Maggie says:
Like Marjorie, I was commenting on Mikaela's post and it got so long that I'll just put it here instead:
I agree that a global perspective is a good thing. And people being reminded of how many other people are dying around the world daily is a good thing. Being able to shrug away hundreds or thousands of deaths in another country should never happen.
But... this is home. There's no way around it. I grew up in hurricane culture. I think in New Mexico it might be easier for everyone to still feel very distant, very "them" about the devastation in Louisiana and Mississippi, about rain and water that can ruin lives in an hour. But I don't feel that. To be perfectly honest, I feel devastated by the Katrina damage in a way I did not about the tsunami. I'm emotional anyway - CNN can make me cry sometimes, and I was shell-shocked watching tsunami coverage - but I think it's only human for us to feel worse about tragedies that are closer, that we know.
And I know what life can look like after a hurricane. I know what it's like for falling trees to destroy the house next door but miraculously, not yours. I know what it's like to wait in lines for gas and batteries and water like everyone else around you. I know what it's like to sit in your dark house huddled with your family, listening to the wind and wondering what in the world it looks like outside, but being too scared to peek. I know about the morning after - seeing people just leveled with grief, being left with nothing, whole towns wiped away and water just everywhere.

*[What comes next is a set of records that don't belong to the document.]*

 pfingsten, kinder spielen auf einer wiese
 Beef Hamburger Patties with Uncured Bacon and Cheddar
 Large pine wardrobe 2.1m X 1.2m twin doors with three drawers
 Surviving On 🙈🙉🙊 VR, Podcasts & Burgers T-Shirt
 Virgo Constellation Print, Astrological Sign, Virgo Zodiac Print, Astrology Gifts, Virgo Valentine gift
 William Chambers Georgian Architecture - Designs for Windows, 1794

But here is what (thankfully) I do not know: a hurricane like Katrina, devastation as bad as that, so many deaths, so many places destroyed, so many people left without hope or a way out. Rather than focusing on how people should've been upset by a worse tragedy that happened across the world, I think of this time as an opportunity to see the best in people, to notice how people will reach out beyond themselves and their comfort zones to help those who need it.
We should always be reaching out beyond our own safety and luxury; we should always be empathetic when tragedy strikes and when deaths are too much to bear. I agree with that. But I know that people respond most when they think, "That could be me." When they imagine their family hanging onto rooftops for safety, their family begging for drinking water in a disaster area, their family left without a home, without a place to work, without a community to call home. Yes, it's subjective. Maybe it's even selfish. But it's human. And we all are.

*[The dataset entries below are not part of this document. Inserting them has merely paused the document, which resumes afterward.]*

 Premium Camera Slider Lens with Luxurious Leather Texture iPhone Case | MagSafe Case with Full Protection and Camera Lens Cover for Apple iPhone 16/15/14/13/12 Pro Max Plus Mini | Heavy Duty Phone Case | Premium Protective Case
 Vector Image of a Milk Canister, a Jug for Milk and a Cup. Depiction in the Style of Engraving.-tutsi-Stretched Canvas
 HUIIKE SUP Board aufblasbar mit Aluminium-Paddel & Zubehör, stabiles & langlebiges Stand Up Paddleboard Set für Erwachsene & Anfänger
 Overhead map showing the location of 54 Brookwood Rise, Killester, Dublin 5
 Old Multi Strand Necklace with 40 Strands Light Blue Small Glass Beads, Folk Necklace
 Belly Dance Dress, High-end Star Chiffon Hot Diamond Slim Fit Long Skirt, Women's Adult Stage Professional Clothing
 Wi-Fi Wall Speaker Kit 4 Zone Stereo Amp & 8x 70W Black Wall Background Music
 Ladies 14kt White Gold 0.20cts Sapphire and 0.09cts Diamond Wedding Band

We use words like "unimaginable" not because we don't sympathize with faraway tragedies, but because they seem so foreign to what we know in our everyday lives that we can't picture ourselves suffering from them. Most of us in the U.S. can't really imagine a wave large enough to kill 21,000 people in an instant. We just can't. But a storm like Katrina, families like ours on TV, people like our neighbors or grandparents or coworkers or friends overcome with grief and loss - that seems very close. That is imaginable. And so we cry harder and we try to help, probably more than we did when a wave brought terrible, terrible destruction to a faraway place.

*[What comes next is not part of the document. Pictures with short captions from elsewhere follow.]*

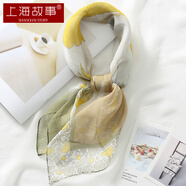 上海故事真絲小方巾紗巾女100%桑蠶絲春秋絲巾送人圍巾禮盒 拼色雨林綠色
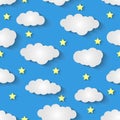 Cute Paper Clounds And Stars Colage Vector Background Pattern Seamless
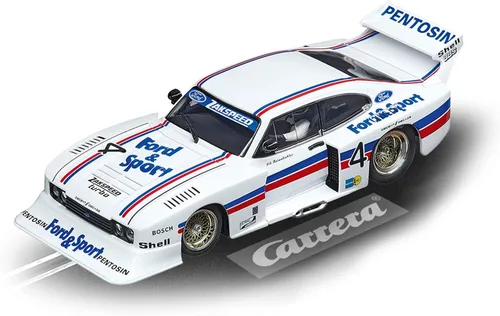 Carrera 30926 Ford Capri Zakspeed Turbo Lili Reisenbichler No. 4 - Ranura digital a escala 1:32, vehículo de carreras, tragamonedas digitales, color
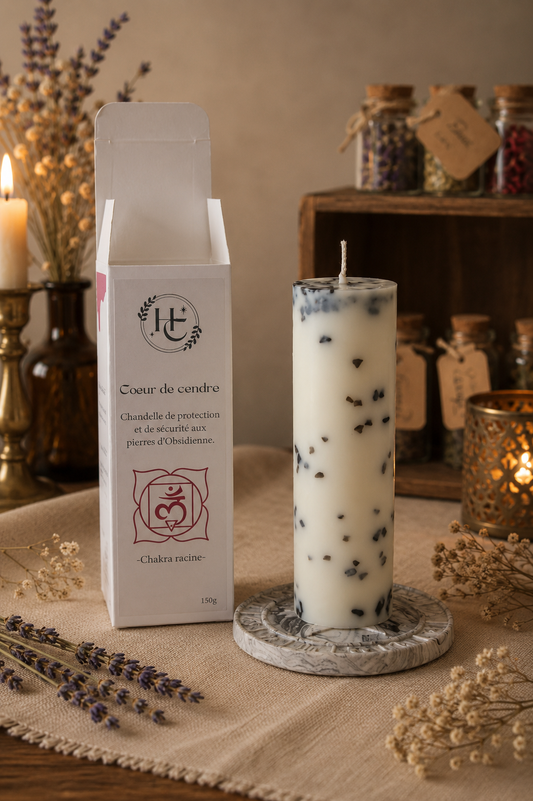 Bougie rituelle "Cœur de cendre"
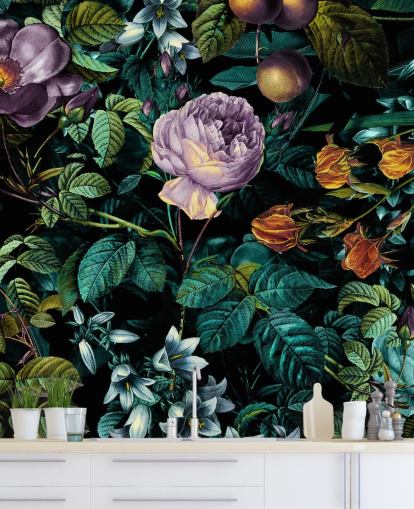 papel pintado floral oscuro rosa púrpura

Helping other people in their time of tragedy opens our hearts. Each time our heart breaks with someone else's grief, we're better able to empathize every time something terrible happens. And however selfish the reason, having our heart opened is good no matter what, no matter how close to home rather than across the world. People feeling rather than shutting off makes great things happen. It makes us more human. It creates connections. And thinking of something like Katrina this way, rather than dismissing a perhaps biased U.S. response, is to me the only way to move forward.